Does your training Environment Model that shooting at enemies (eventually) makes them stop spitting out bullets? I also would assume that total survival time is a part of the score, otherwise the Boss would just be a loosing game score wise.

[–] zolax@programming.dev 1 points 5 months ago

the training environment is pretty basic right now so all bullets shoot from the top of the screen with no enemy to destroy.

additionally, the program I'm using to get player and bullet data (twinject) doesn't support enemy detection so the neural network wouldn't be able to see enemies in an existing bullet hell game. the character used has a wide bullet spread and honing bullets so the neural network inadvertently destroys the enemies on screen.

the time spent in each training session is constant rather than dependent on survival time because the scoring system is based on the total bullet distance only.

[–] taaz@biglemmowski.win 4 points 5 months ago* (last edited 5 months ago) (1 children)

A bit offtopic but either way, have you ever tried applying NN agents on games with incomplete information, card games with opponents and alike?

[–] zolax@programming.dev 3 points 5 months ago

I did create a music NN and started coding an UNO NN, but apart from that, no

[–] shasta@lemm.ee 2 points 5 months ago (1 children)

Wouldn't a regular bot be easier to make and perform better?
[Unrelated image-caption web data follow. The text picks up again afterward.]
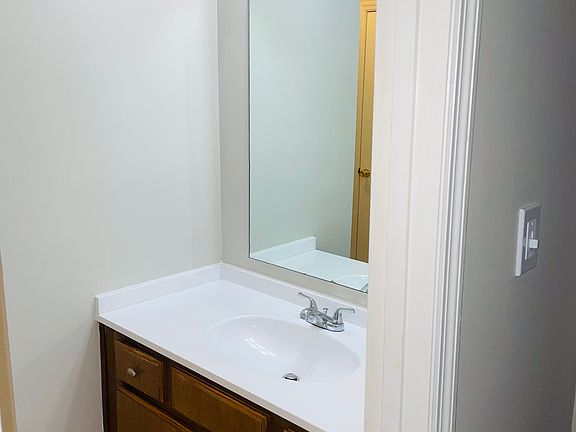 5th image of 196 Edgewood Dr #196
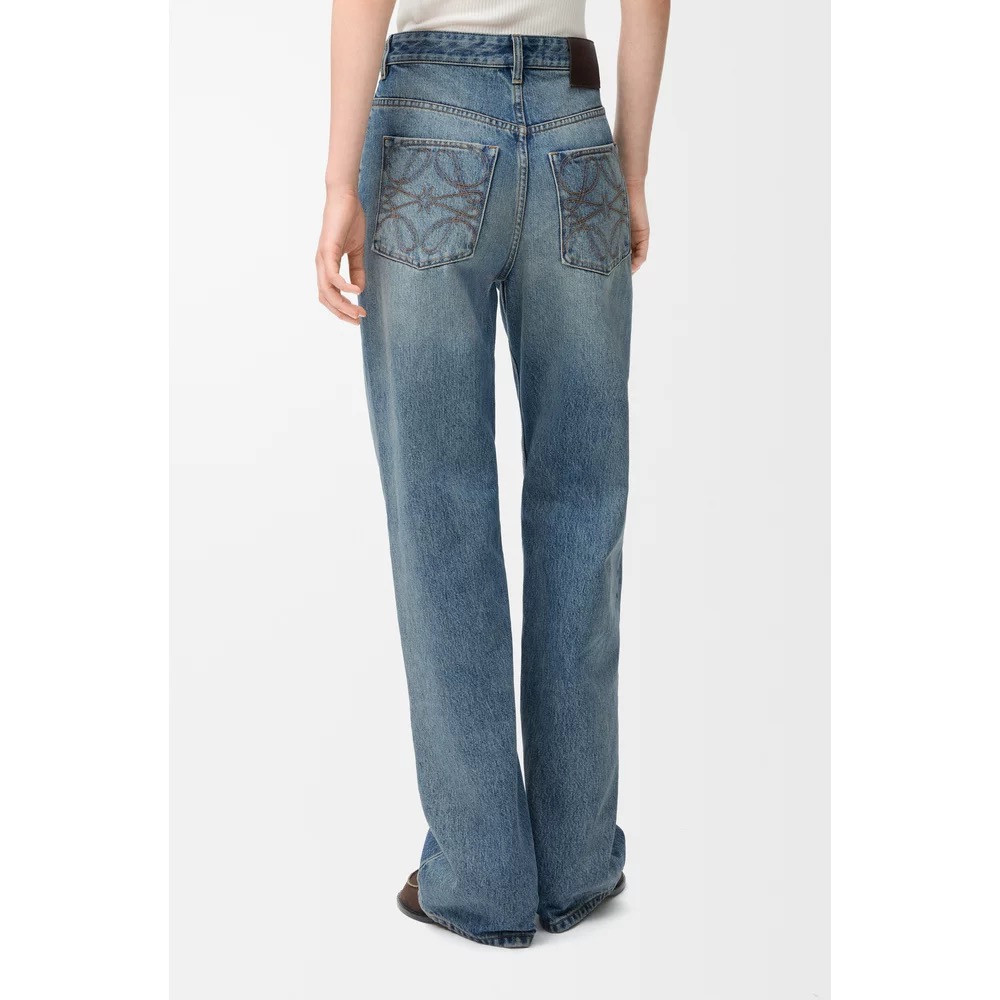 NO:732970,Style No. G26013038 LOEW* 2026 early spring new model. High-end customized washed denim cotton fabric, using hardware accessories with engraved letter logo, and embroidered logo on the back hip pocket. Loose, fashionable and versatile wide-leg jeans!  (M size waist 76, hip 98, pants length 107) hair,,loewe,jeans,19860909款号G26013038 LOEW*2026年早春新款 高端定制洗水牛仔棉面料、采用刻字母logo五金配件、后臀口袋刺绣徽标宽松时尚百搭阔腿牛仔裤！（M码腰围76,臀围98,裤长107）发,,loewe,jeans,,Women's clothing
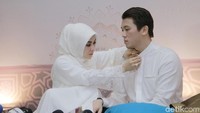 Tak sendirian, sang suami Reino Barack juga menemani kehadiran Syahrini.  Foto: Asep Syaifullah/ detikHOT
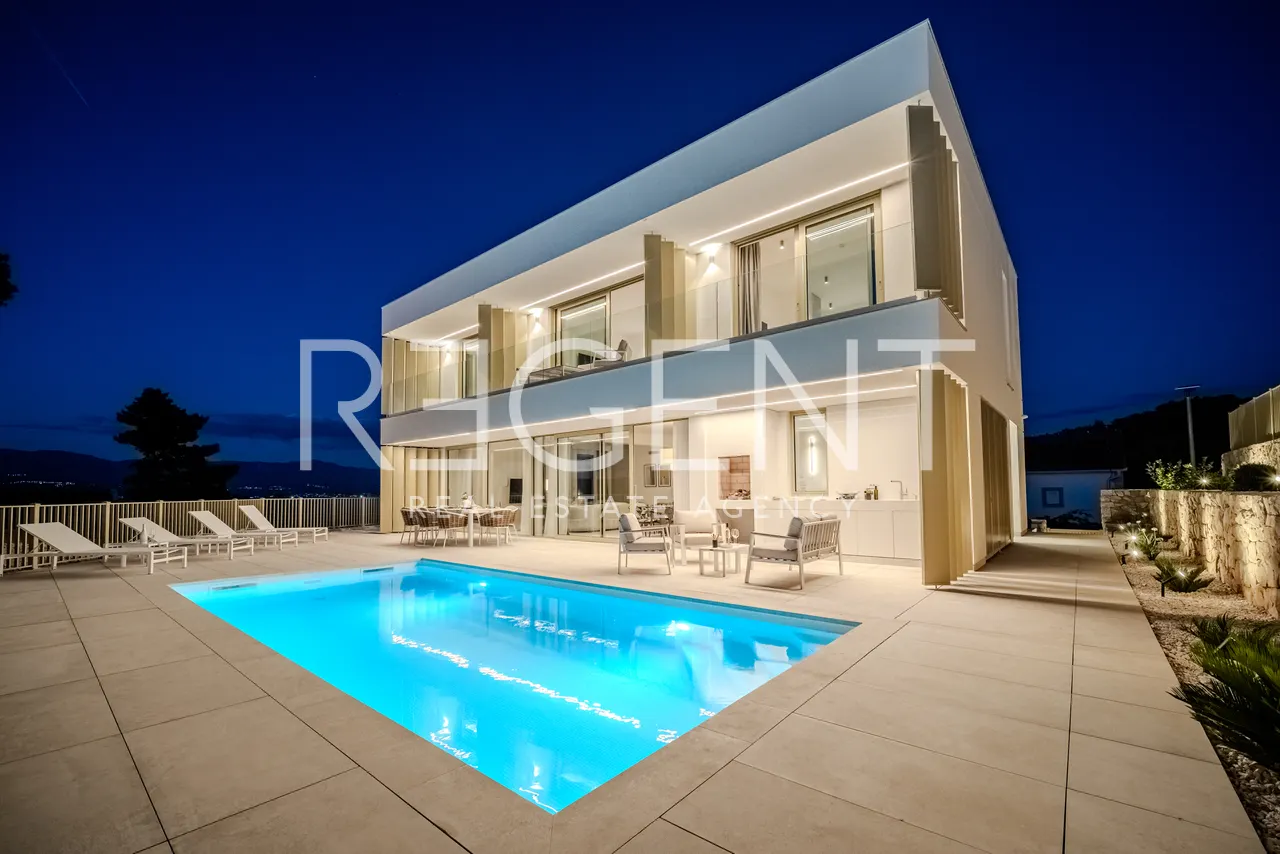Brač, Sutivan - Splendida villa vicino al mare, 274m2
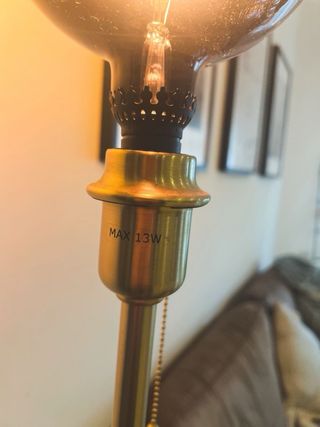 Lámpara de pie estilo industrial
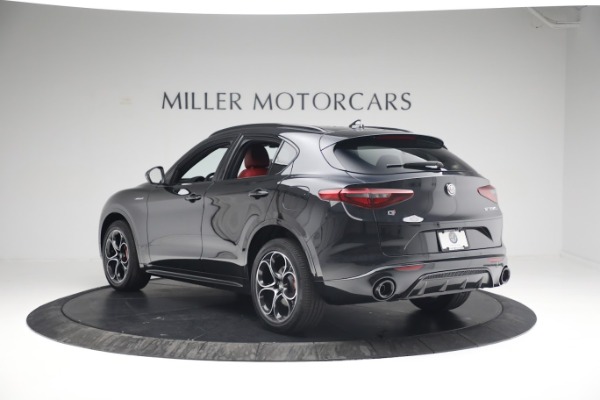 New 2022 Alfa Romeo Stelvio Veloce for sale Sold at Bentley Greenwich in Greenwich CT 06830 5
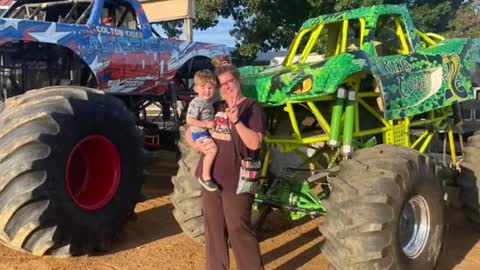 like being a kid again 🎊 #muletown #columbiatn #countyfair #maurycounty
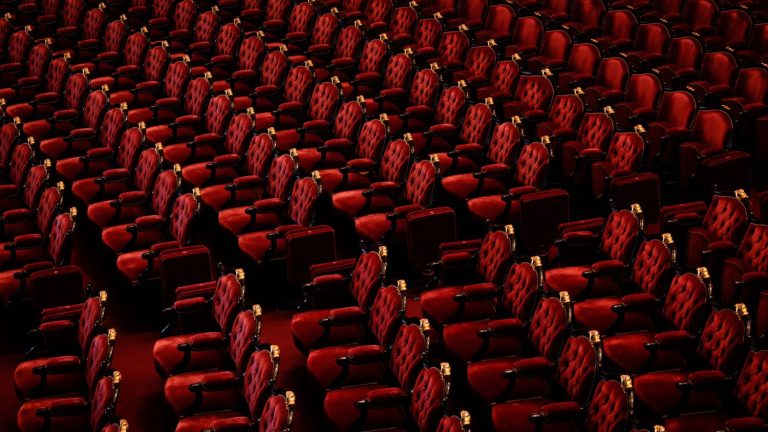 Amelia Feuer révèle des messages de Frédéric Chaslin après sa plainte pour harcèlement sexuel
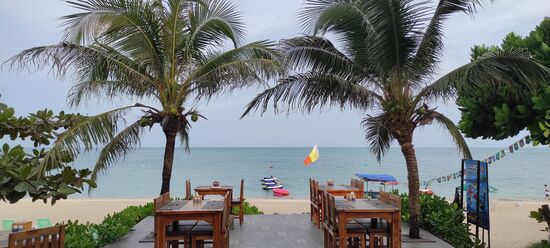Restaurant mit Blick auf den Strand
[–] zolax@programming.dev 3 points 5 months ago

currently, yes, but this is more an investigation into how well a neural network could play a bullet hell game

very few bullet hell AI programs rely on machine learning and virtually all of the popular ones use algorithms.

but it is interesting to see how it mimics human behaviour, skills and strategies and how different methods of machine learning perform and why

(plus I understand machine learning more than the theory behind those bullet hell bots.)